Lyman Coleman, on the most hopeless city of Corinth (1855)

One of the projects I’m working on this year is a study of how ancient and modern writers have interpreted the historical fortunes of Corinth through the lens of its eastern landscape, the Isthmus. How did a land bridge become so consequential for writing the history of the city?

It’s a topic I’ve commented on before (e.g., see the various posts in the Corinth in the mind category), and I even wondered in a post on Oscar Bronner’s wicked city when some of the popular myths about Corinth originated in the modern era.

I’ve had a little time recently to dig into some travel literature, historical geography, and New Testament commentaries of the 17th-19th centuries, and I’ve found some gems.

For this week’s picture of Corinth, I’ll post this mid-19th century description of the city in Lyman Coleman’s An Historical Text Book and Atlas of Biblical Geography, Philadelphia 1855: Lippincott, Grambo & Co.
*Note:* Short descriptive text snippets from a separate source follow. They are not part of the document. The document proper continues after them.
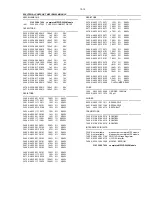 Preview for 52 page of Philips FWM37 Service Manual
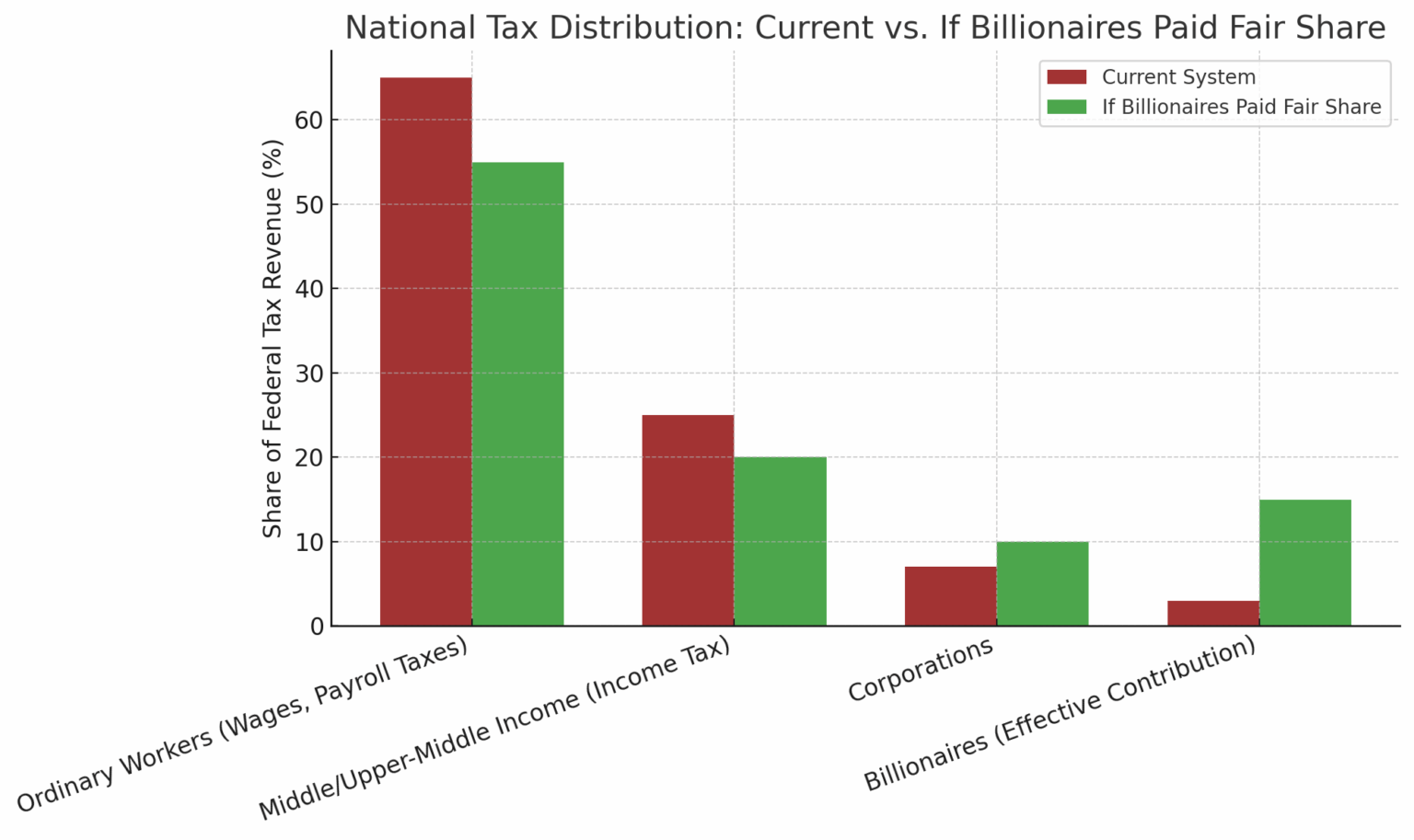 [OC] Welche US -Steuern würden aussehen, wenn Milliardäre ihren fairen Anteil bezahlten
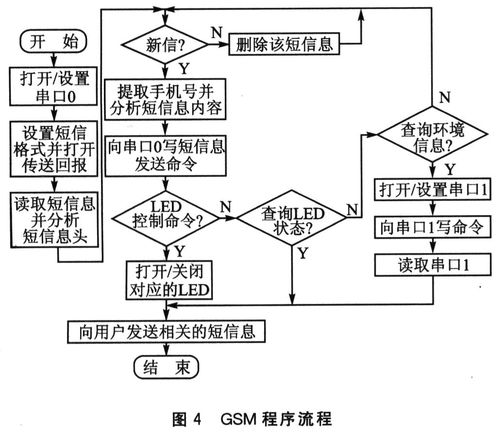 基于ARM嵌入式系統與Internet網絡技術實現設備遠程實時監測的網絡系統工程開發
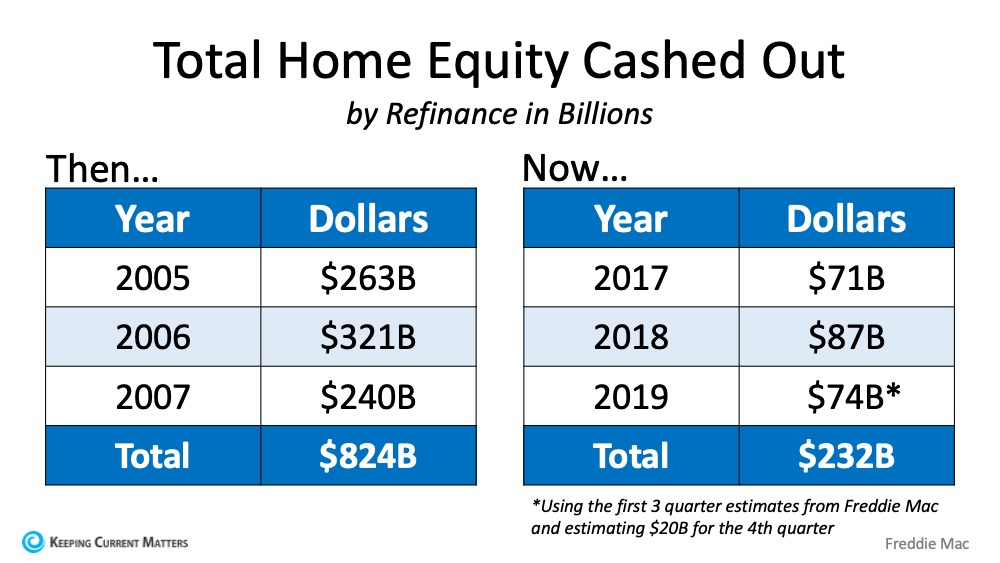 Home Equity Cash Out Chart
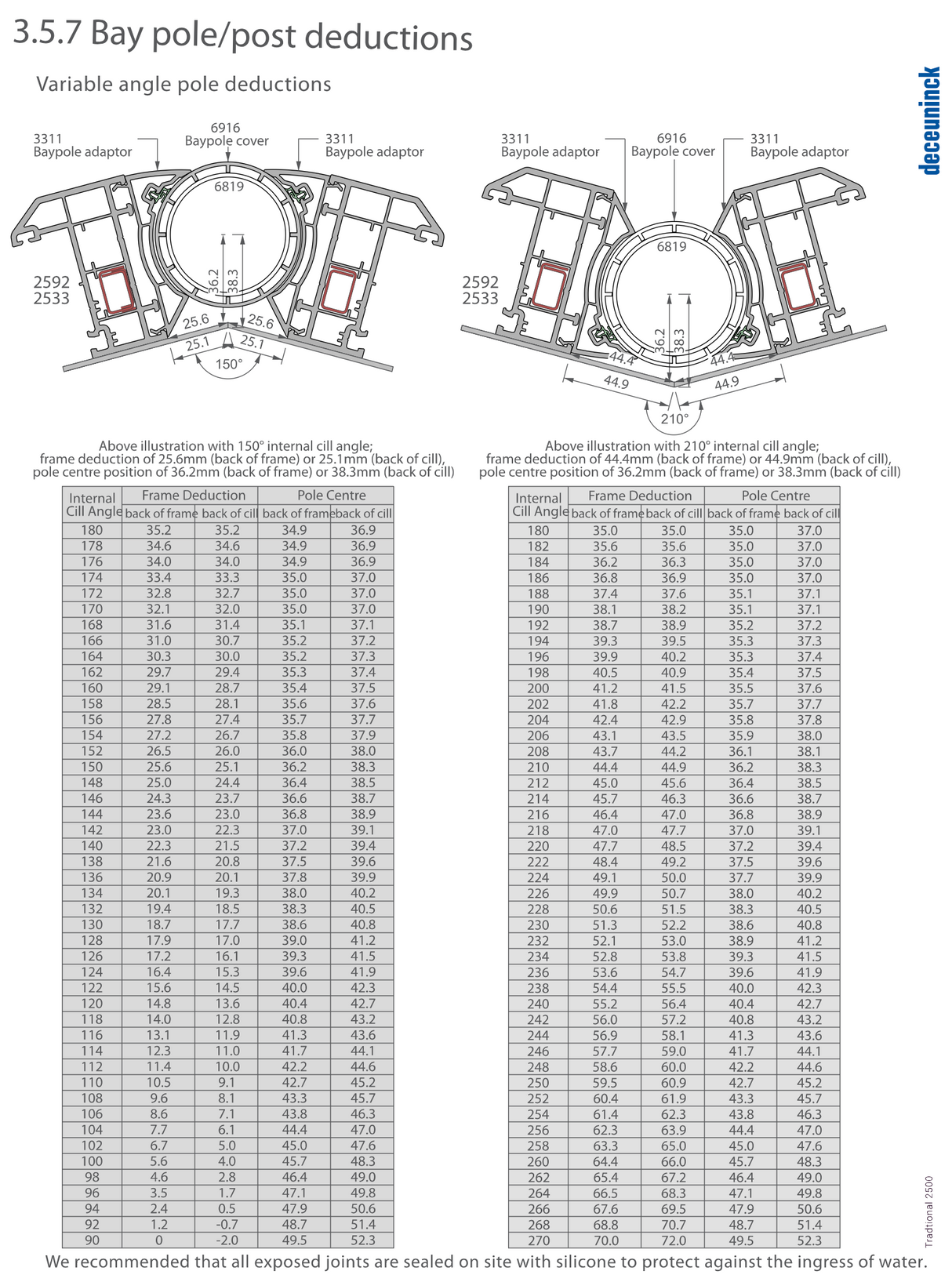 Variable Angle Bay Pole Set (Deceuninck 2500)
Published about the middle of the 19th century, and related to another work on Historical Geography of the Bible, Lyman describes the apostle Paul’s decision to move from Athens to Corinth in this way (pp. 231-232):

“It is a singular and instructive fact, that the ministry of the apostle appears to have been attended with little profit at this seat of Grecian refinement and learning; nor does he appear ever again to have visited Athens. The rich, voluptuous, and mercantile population of Corinth offered him far more encouragement than the orators, sages, and philosophers of her proud rival…

…This metropolis, rivaling Athens in wealth and commerce, in luxury and licentiousness, and scarcely inferior in the fine arts, was situated on the isthmus of the Peloponnesus, fifty miles west of Athens, guarded and defended by a lofty acropolis, which rises two thousand feet above the platform of the city. The region is now unhealthy, and only a few miserable hovels still occupy the site of this far-famed city of Corinth…

But even in that corrupt city, the most hopeless, it would seem, that could have been selected, the Lord had ‘much people,’ and many of the Corinthians, both Jews and Greeks, believed and were baptized.”

In the weeks to come, I’ll be posting some of these old historical interpretations that have continued to shape modern interpretations of Corinth.